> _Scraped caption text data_

****************

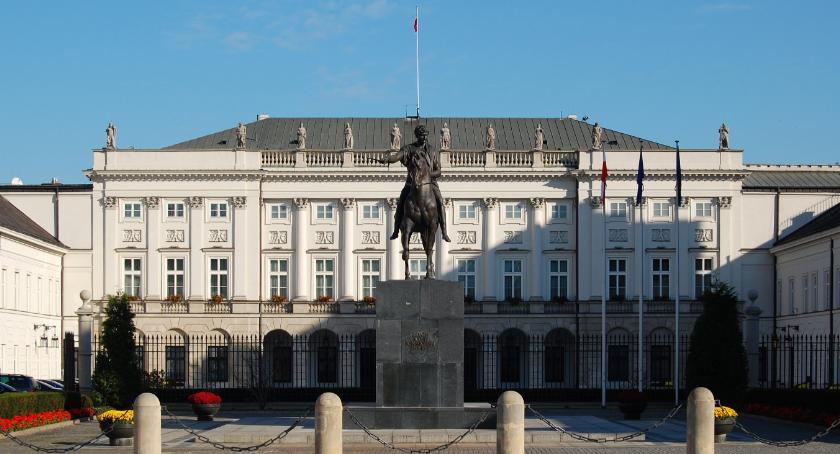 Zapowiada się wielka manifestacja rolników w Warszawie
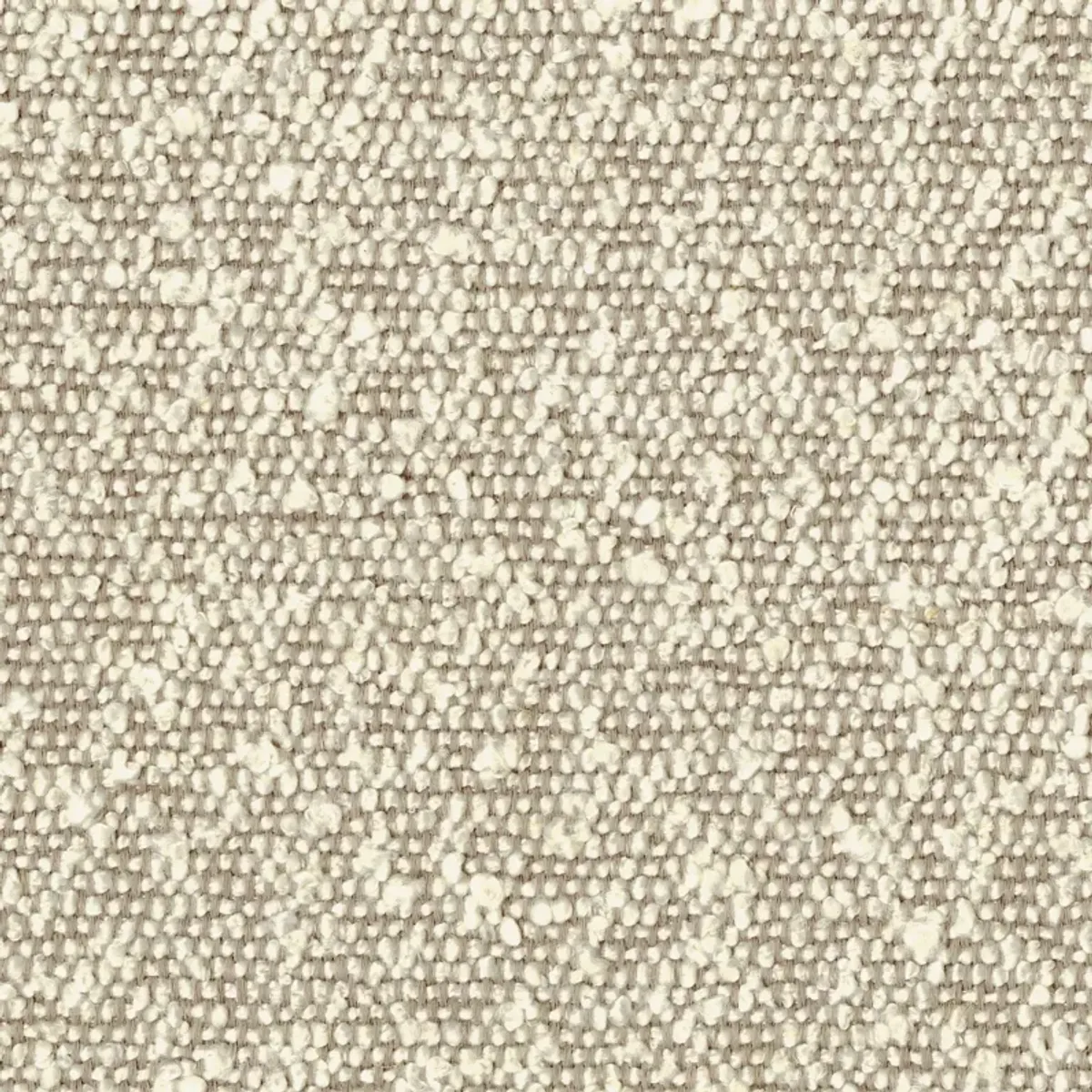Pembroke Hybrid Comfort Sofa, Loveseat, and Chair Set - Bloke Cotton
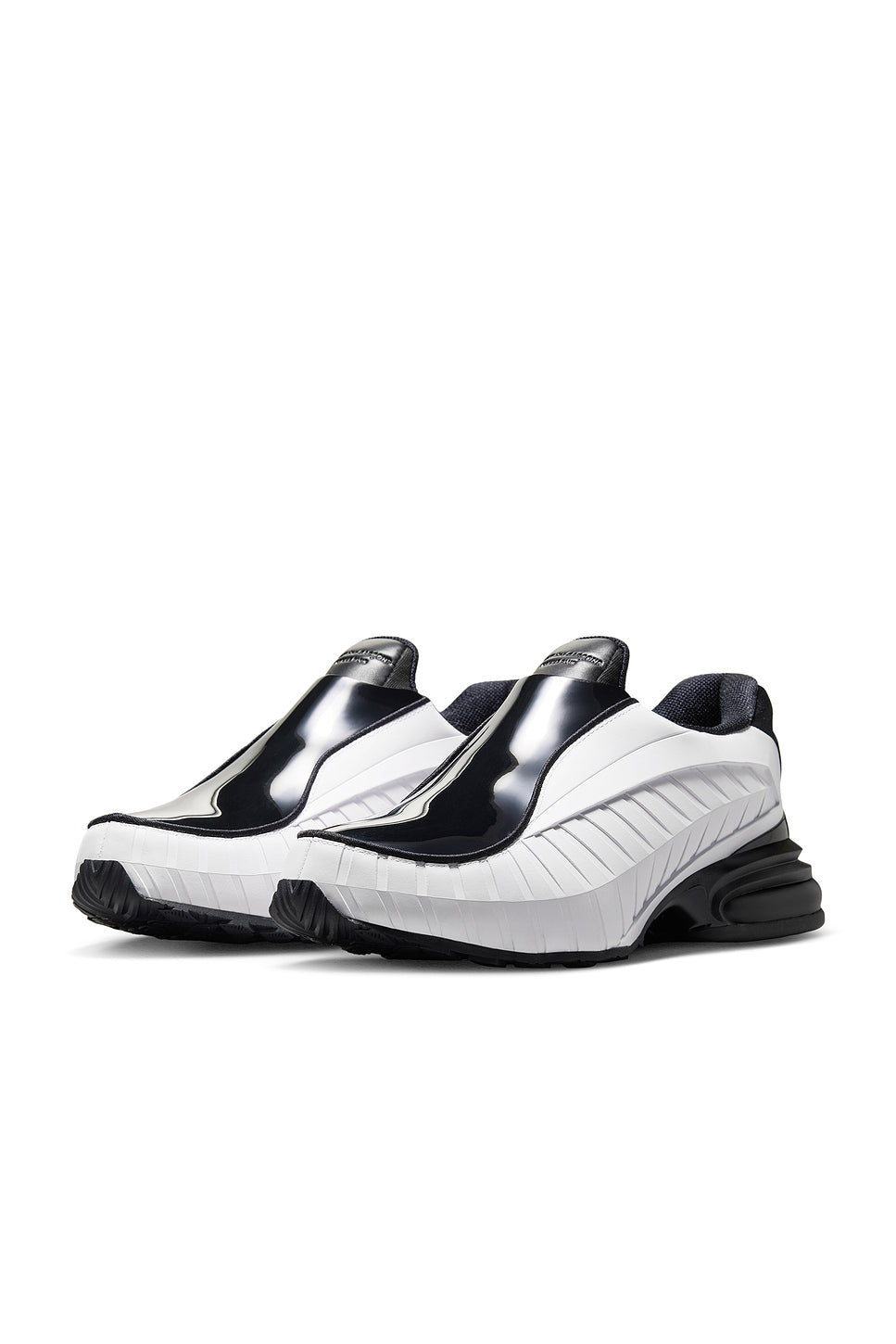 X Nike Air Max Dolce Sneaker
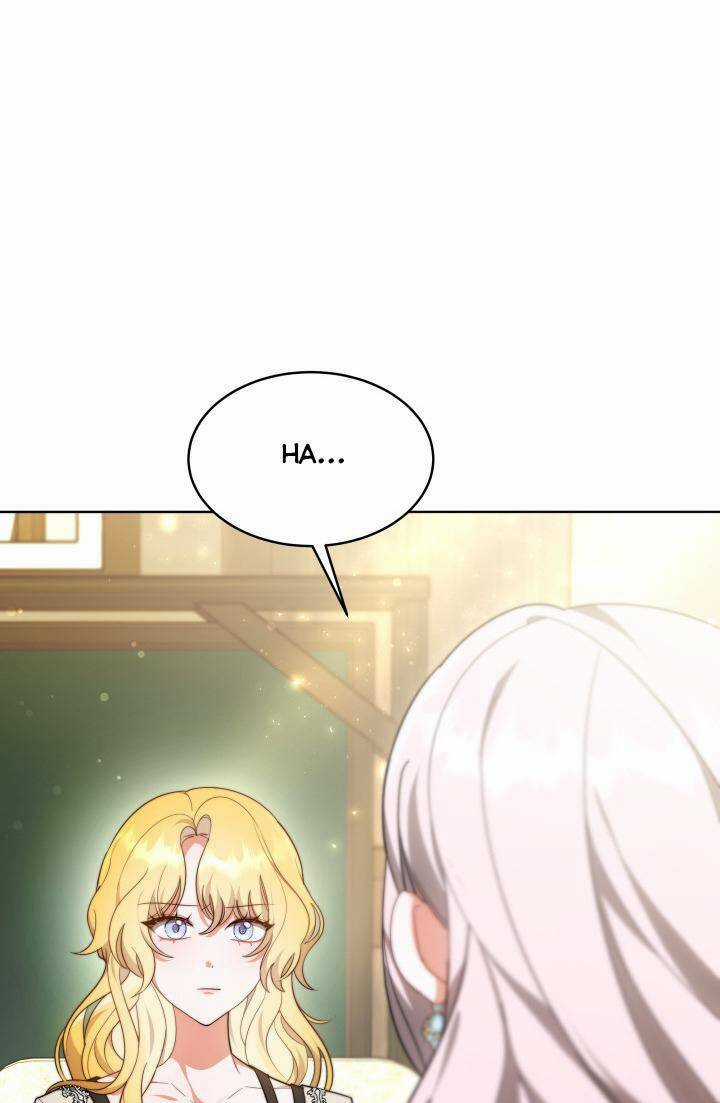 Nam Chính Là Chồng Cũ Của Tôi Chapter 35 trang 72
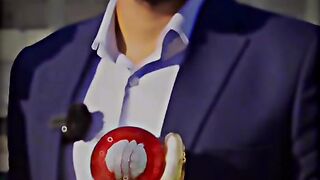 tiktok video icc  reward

****************

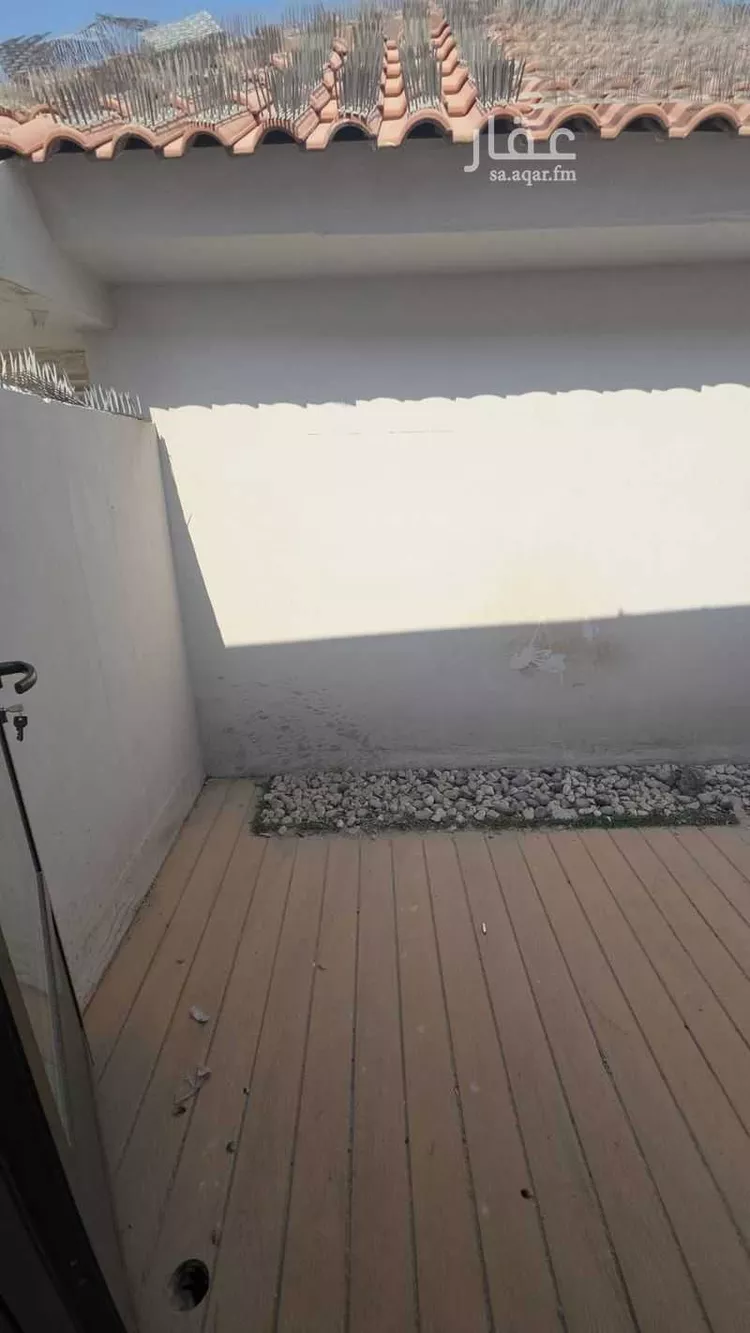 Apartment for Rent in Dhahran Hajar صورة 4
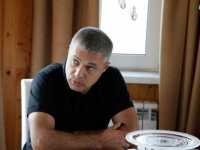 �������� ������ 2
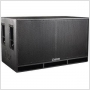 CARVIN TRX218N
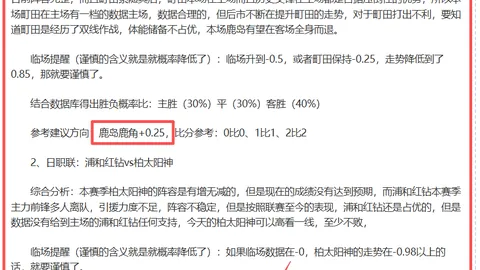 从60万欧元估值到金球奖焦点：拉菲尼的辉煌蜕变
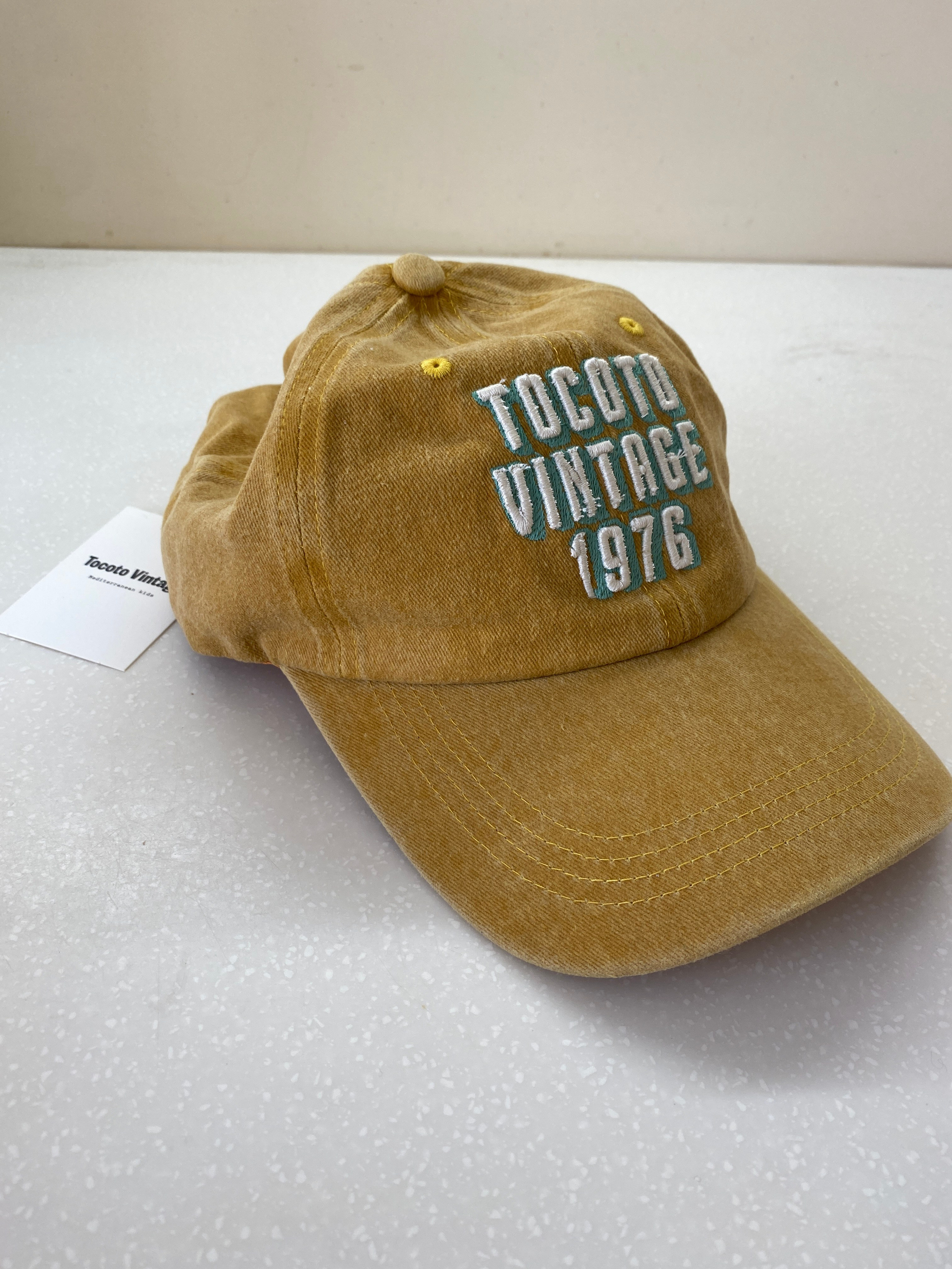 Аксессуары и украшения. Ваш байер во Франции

****************

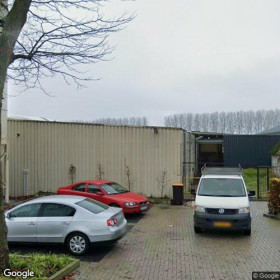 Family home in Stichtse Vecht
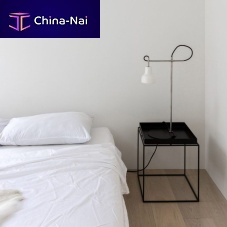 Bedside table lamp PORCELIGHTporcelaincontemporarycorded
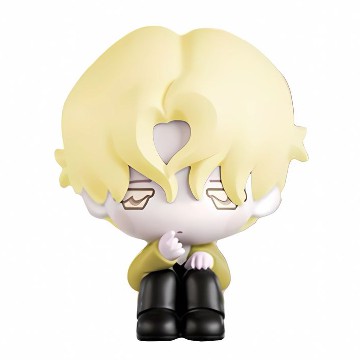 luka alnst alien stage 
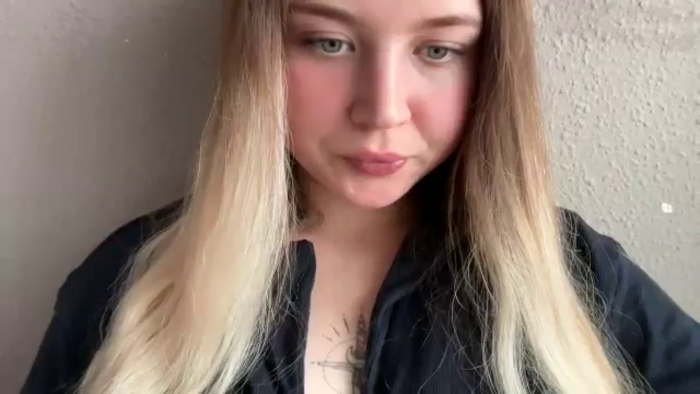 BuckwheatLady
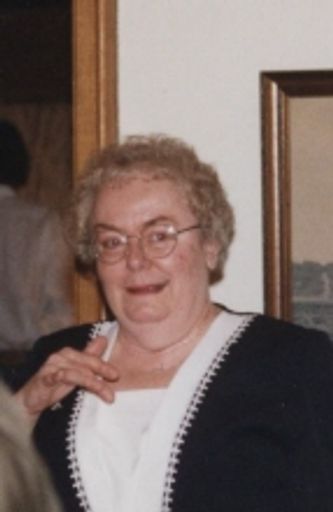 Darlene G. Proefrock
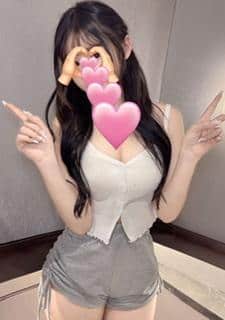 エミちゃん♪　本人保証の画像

****************

Going by the data above, the answer is exactly the lines from the one holding "BuckwheatLady" to the one holding "エミちゃん♪　本人保証の画像", both kept, with the pictures left out.

 BuckwheatLady
 Darlene G. Proefrock
 エミちゃん♪　本人保証の画像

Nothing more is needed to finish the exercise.